I have lost my South African citizenship when I gained my Norwegian citizenship a few years ago.

I've read in many places that South Africans who were born citizens will forever have a permanent residence in South Africa even if they lose their citizenship.

However I got my South African citizenship through naturalisation, and I can't find any info on what my residency status in South Africa would be right now. 

I don't want to get my South African citizenship back since Norway doesn't support dual citizenship. But I would like to keep my permanent residence.

Does anyone know if I need to reapply to get a PR?

Thank you!


----------



## Dread Pirate Roberts (Jul 10, 2018)

kLy said:


> I have lost my South African citizenship when I gained my Norwegian citizenship a few years ago.
> 
> I've read in many places that South Africans who were born citizens will forever have a permanent residence in South Africa even if they lose their citizenship.
> 
> ...


Good day,

1. If you are a former citizen by naturalisation or registration you must have a valid permanent residence permit or exemption from such permit to reapply for the citizenship.
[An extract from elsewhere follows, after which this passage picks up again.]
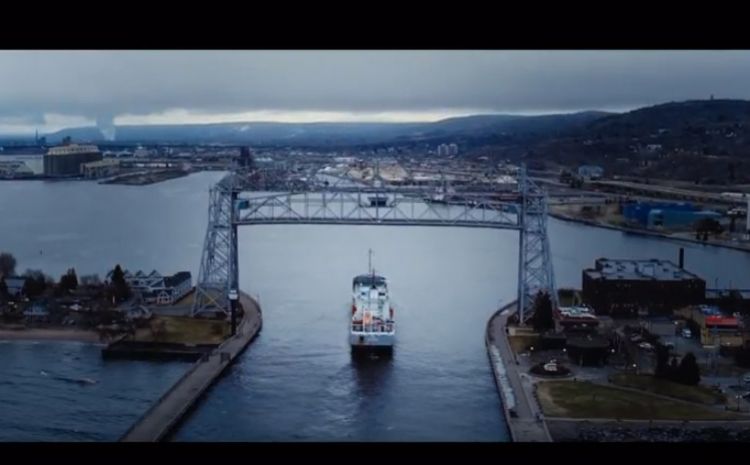 Ship going under a bridge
2. So for you, you must re-apply for permanent residence or apply for exemption of applying for citizenship without the PR , before they can be considered for resumption.

Maybe consider getting lawyers for assistance.


----------



## kLy (Mar 6, 2019)

Dread Pirate Roberts said:


> Good day,
> 
> 1. If you are a former citizen by naturalisation or registration you must have a valid permanent residence permit or exemption from such permit to reapply for the citizenship.
> 
> ...


1. I have a piece of paper that is a permanent residence permit for South Africa. Does this mean that I'm a permanent resident? Or was this also cancelled when my citizenship was cancelled?

2. I'm not sure I understand what you mean here. Resumption of what? And I can't apply for actual citizenship since Norway doesn't allow dual citizenship.

Thanks! 😊😊


----------



## Dread Pirate Roberts (Jul 10, 2018)

kLy said:


> 1. I have a piece of paper that is a permanent residence permit for South Africa. Does this mean that I'm a permanent resident? Or was this also cancelled when my citizenship was cancelled?
> 
> 2. I'm not sure I understand what you mean here. Resumption of what? And I can't apply for actual citizenship since Norway doesn't allow dual citizenship.
> 
> Thanks! 😊😊



1. Since you were a citizen based on naturalisation then the following can be the case.[...based on my interpretation of the Citizenship Act.]

South African Citizens that obtain their citizenship by *birth* who automatically lose their South African Citizenship (because of taking citizenship in another country without informing DHA) never lose their right to Permanent Residency in South Africa. *But* if you were not a citizen by birth (eg by naturalisation) it means that when you automatically lose your citizenship you also lose the right to permanent residency.

So to answer your first point. Since you lost Citizenship you also lose the right to permanent residency as a result you have to apply for a new permanent resident permit. 

*Suggestion* 
Before applying for a new PRP, I suggest you verify your Citizenship Status at DHA and also apply for Confirmation of PR to check what DHA's status is of you.

2. Resumption of Citizenship is a term used in the Act meaning the action of re-assuming your citizenship status. Only former citizens by birth can 'resume' their citizenship by applying at DHA since they never lose their right to permanent residency.

*...in summary*
i Confirm/check you Citizenship status at DHA to check whether you lost it indeed.
ii. If you lost citizenship confirm and check if you have PR right, at DHA.
iii. If you still have PR right then you are okay.
iv. If you lost the PR status , then you need to apply for a new PR.

I hope it makes sense...


----------



## kLy (Mar 6, 2019)

Great! I will check for my status! Thank you!


----------



## Pontius (Oct 3, 2018)

kLy said:


> Great! I will check for my status! Thank you!


What was the feedback?


----------